The Luftwaffe’s strategic bomber program had continued to stumble and there was little certainty that it would succeed. Although the Luftwaffe had rebuffed earlier attempts by aircraft companies to develop long-range strike missiles, the Army’s campaign to take away precious production resources to build their missile was enough to lead to a rival Luftwaffe missile program. Instead of a ballistic missile, the Luftwaffe selected a cruise missile design offered by Fieseler, the Fi-103. The Luftwaffe gave it the cover-name FZG-76 (Flakzielgerat 76), linking it to the innocuous Argus FZG-43 target drone. It would be better known in later years as the V-1. In contrast to the expensive A-4 ballistic missile, the FZG-76 was designed to be cheap to build and simple to operate, using a rudimentary pulse-jet engine and a small and simple airframe that could be manufactured by any aircraft plant. The design was so simple that test examples began to fly by October 1942. Hitler recognized that the FZG-76 program was an inexpensive alternative to the much riskier A-4 missile program, and both programs were allowed to continue in parallel through 1943.

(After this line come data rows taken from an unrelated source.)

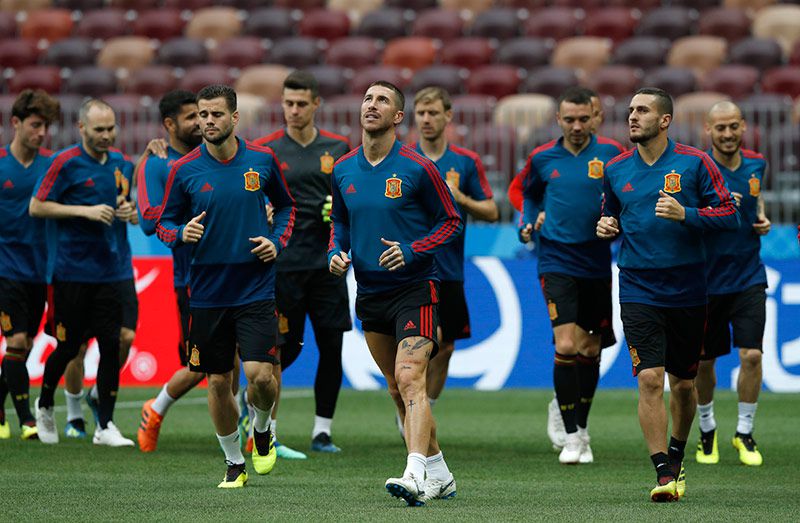 España se prepara para enfrentar al anfitrión de la Copa del Mundo
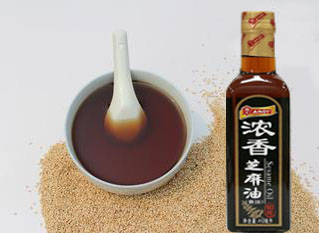 跟隨時(shí)代發(fā)展，不做落伍的芝麻油灌裝機(jī)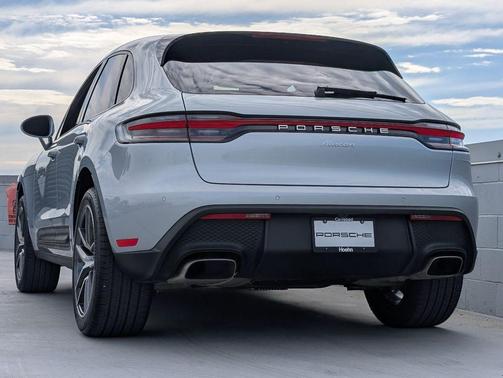 2023 Porsche Macan 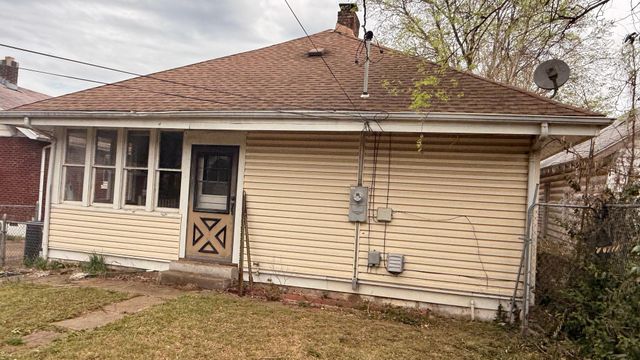 730 W Scott Street, Springfield, MO 65802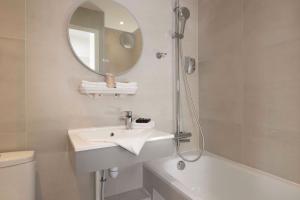 A bathroom at Hôtel Saint Pierre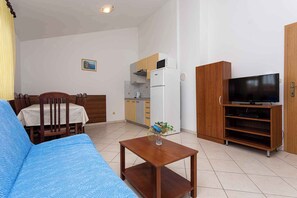 TV - Holiday apartment close to the city centre and directly by the sea (Baška)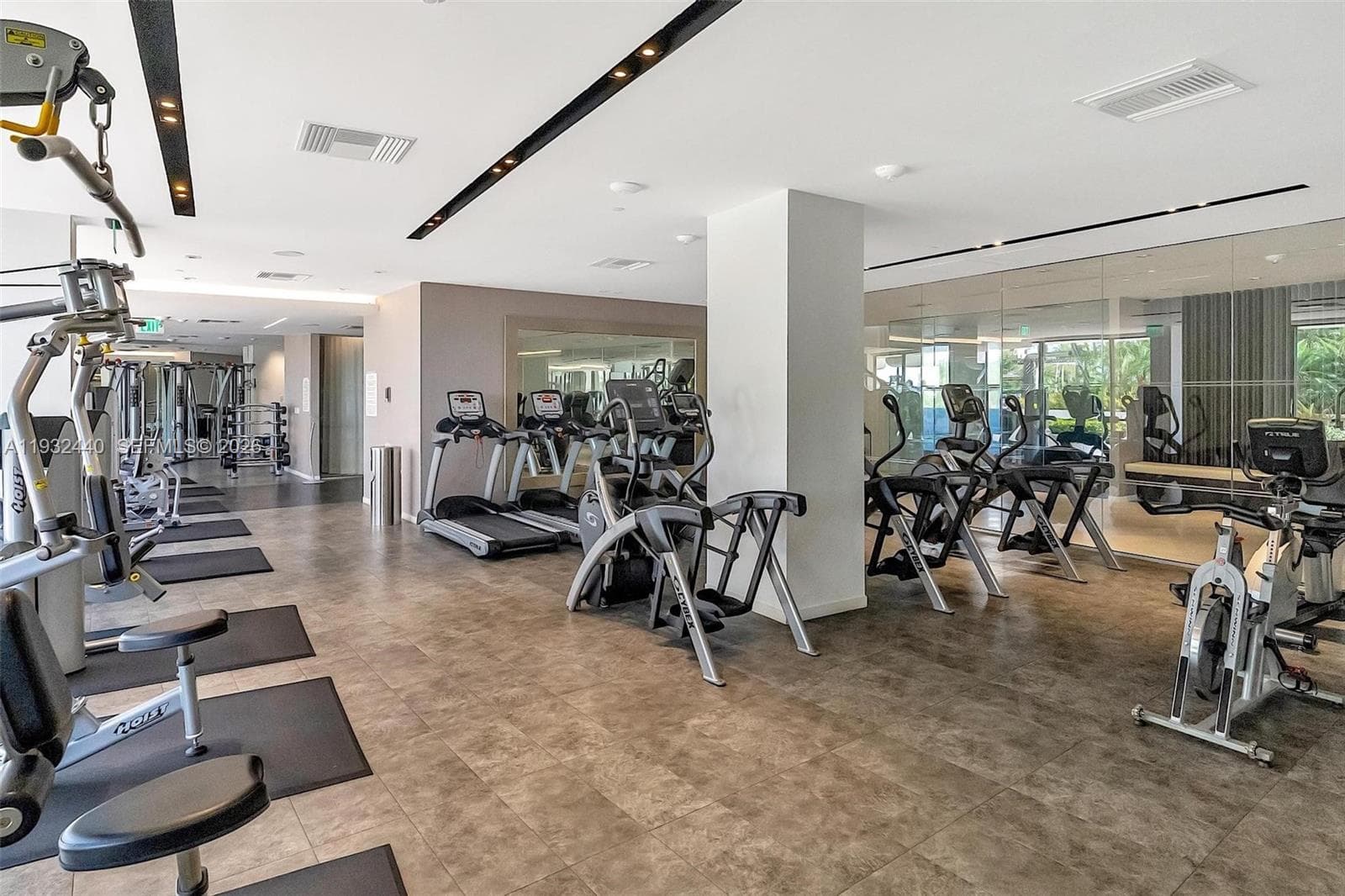 9 Island Ave # 2104, Miami Beach FL 33139 — 42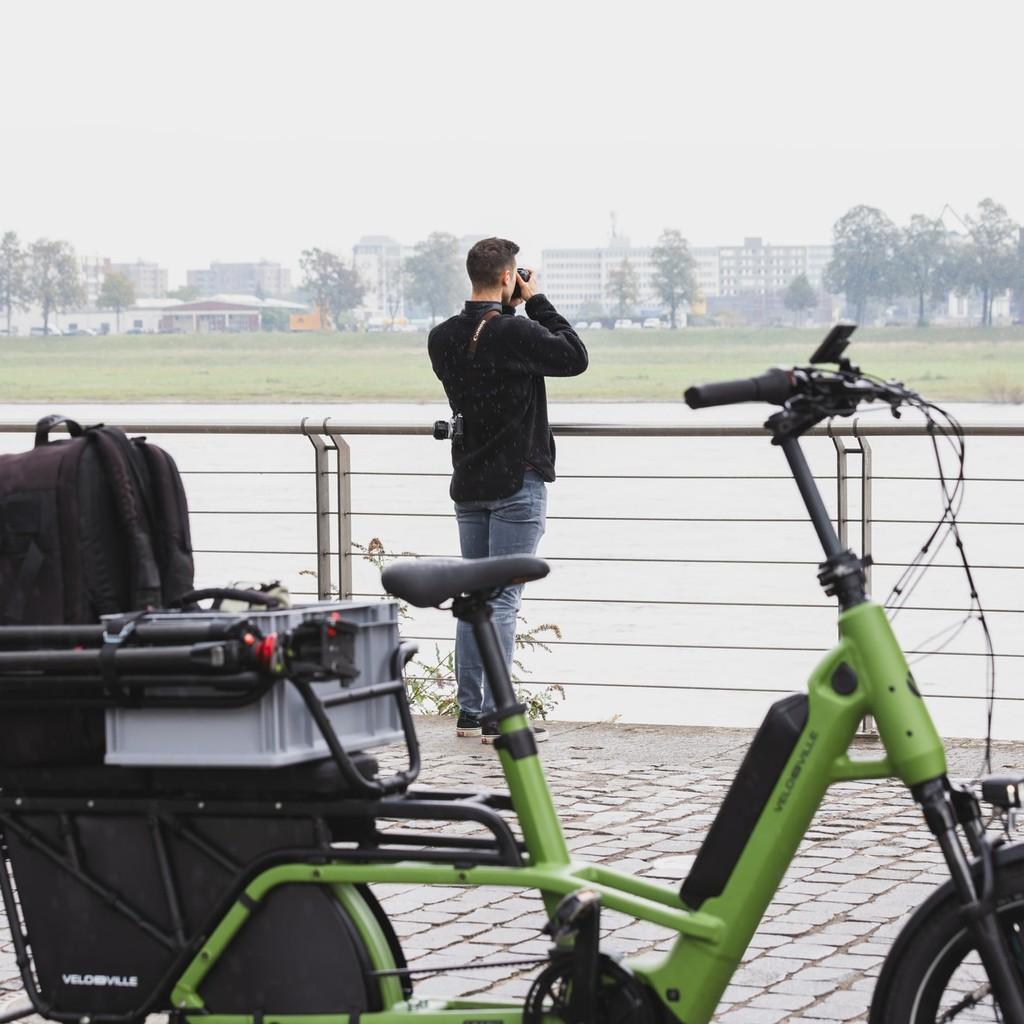 Entdecken Sie das Velo de Ville Loady E-Bike, perfekt für Ihre urbanen Abenteuer. Stilvolles Design und praktischer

Following the fall of France in 1940, the German Army deployed long-range artillery on the Pas-de-Calais to support the intended invasion of England. Although they could reach as far as some coastal cities such as Dover, they could not reach much beyond due to the limits of conventional artillery technology. In 1942, Eisenbahn-Artillerie Batterie 725 near Calais was assigned the task of testing a new extended-range rocket-assisted artillery projectile from one of its 280mm K5(e) guns that were intended to reach London. The test was a failure when the enormous propellant charge ripped the barrel apart. Although efforts continued to develop long-range projectiles, a more promising technology was also being explored by the Röchling plant, called the Hochdruckpumpe (HDP: high pressure pump), or Tausenfüßler (Millipede). Instead of using a single propellant charge at the breech of the gun, the pump gun used a sequence of smaller charges located in small chambers along the barrel’s 127m length. These were electrically fired as the projectile passed down the barrel, imparting energy more efficiently than a single charge. The aim was to develop a weapon capable of firing a 140kg projectile to a range of 165km. While this projectile was not as large as the warhead in a V-1 or V-2 missile, the presumption was that the low cost and volume of fire would make up for the relatively small payload. A sub-scale 20mm prototype was tested at a proving ground in Misdroy (now Miedzydroje, Poland) in April–May 1943, and the project attracted Hitler’s attention. In August 1943, he authorized the construction of a 50-gun HDP battery in France to supplement the missile campaign against London. This gun battery would have a theoretical rate of fire of one shot per tube every minute, or 600 rounds per hour, and 20,000 rounds per month. Although the rounds were much smaller than the missiles, the sheer volume of fire was enough to excite Hitler’s enthusiastic support. The full-scale prototype of the weapon was completed at the Wehrmacht’s Hillersleben artillery proving ground in October 1943.